> **Goal of the exercise**:
Below are records; reproduce exactly the lines from the one that has "In One Of Neighborhoods In Apartment Hamburg" through the one that has "Chevrolet Onix Hatch", ends included, and nothing more.

___ Records for the task ___

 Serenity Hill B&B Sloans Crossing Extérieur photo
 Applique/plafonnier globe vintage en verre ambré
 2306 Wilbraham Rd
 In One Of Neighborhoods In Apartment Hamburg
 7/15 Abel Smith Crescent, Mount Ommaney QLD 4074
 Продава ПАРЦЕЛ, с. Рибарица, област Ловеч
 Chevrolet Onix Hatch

___
___ Records for the task ___

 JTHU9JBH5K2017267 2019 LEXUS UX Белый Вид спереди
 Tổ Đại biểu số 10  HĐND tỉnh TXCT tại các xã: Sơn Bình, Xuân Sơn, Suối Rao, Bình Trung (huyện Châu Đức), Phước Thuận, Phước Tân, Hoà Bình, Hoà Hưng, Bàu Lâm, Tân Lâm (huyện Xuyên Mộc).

___

> **Solution to this problem**:
 In One Of Neighborhoods In Apartment Hamburg
 7/15 Abel Smith Crescent, Mount Ommaney QLD 4074
 Продава ПАРЦЕЛ, с. Рибарица, област Ловеч
 Chevrolet Onix Hatch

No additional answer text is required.